Optimise resource consumption & drop support for EOL NETFX #506

xenolightning · 2024-01-24T02:41:23Z

Changes Summary:

Add ThrottledBackgroundMessageProcessor to prevent thread and SNAT exhaustion
Remove targeting unsupported NETFX versions. Only target 4.6.2+
Convert projects to SDK style
Remove old NETFX codebase - and pull into new projects
Remove Client Profile targets

Mindscape.Raygun4Net.NetCore.Common/ThrottledBackgroundMessageProcessor.cs

Mindscape.Raygun4Net.NetCore.Common/RaygunSettings.cs

Mindscape.Raygun4Net.NetCore.Tests/RaygunClientIntegrationTests.cs

Mindscape.Raygun4Net.NetCore.Common/RaygunClientBase.cs

Mindscape.Raygun4Net.NetCore.Common/ThrottledBackgroundMessageProcessor.cs

Obi-Dann · 2024-02-01T20:36:51Z

Mindscape.Raygun4Net.NetCore.Common/RaygunClientBase.cs

@@ -22,7 +23,7 @@ public abstract class RaygunClientBase
      // The default timeout is 100 seconds for the HttpClient, 
      Timeout = TimeSpan.FromSeconds(30)
    };


One other thing that can prevent SNAT and thread exhausting is setting MaxConnectionsPerServer to something less than an unlimited number by default. It can be achieved by passing HttpClientHandler

new HttpClient(new HttpClientHandler { MaxConnectionsPerServer = 50 }) { Timeout = TimeSpan.FromSeconds(30) };

We did initially look at this as a solution.

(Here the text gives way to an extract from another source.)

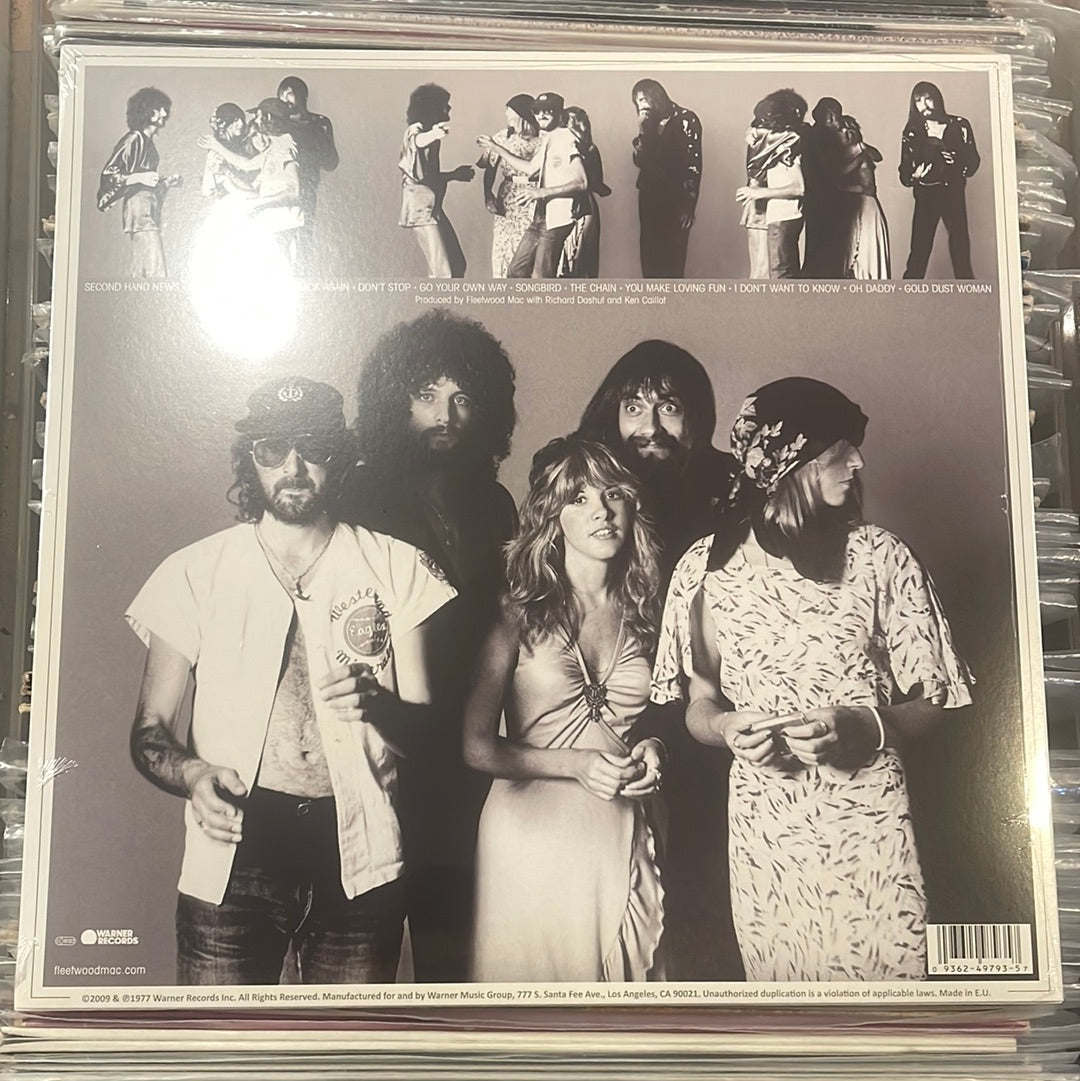 Fleetwood Mac - Rumours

This issue with this is that is silently drops errors from being sent, and in our testing it doesn't always solve the SNAT issue 😿

Realistically SNAT only seems to be an issue on Azure due to the way it shares host networking and load balancing.

We actually tested this initially and found it didn't have any major contribution of reducing the number of ports taken, for example when set to 10, i was still hitting around ~2000 ports being taken in Azure and of 50k requests, only around ~4k would succeed, while leaving it defaulted it tried to use around ~3000 and ~49k requests succeeded.

PanosNB

Great work @xenolightning ! I am approving this as it looks good; just a few Qs for you

PanosNB · 2024-02-04T23:25:09Z

Mindscape.Raygun4Net.Core/RaygunSettings.cs

+    /// <summary>
+    /// The maximum queue size for background exceptions
+    /// </summary>
+    public int BackgroundMessageQueueMax { get; } = ushort.MaxValue;


No environment configuration possible for this one?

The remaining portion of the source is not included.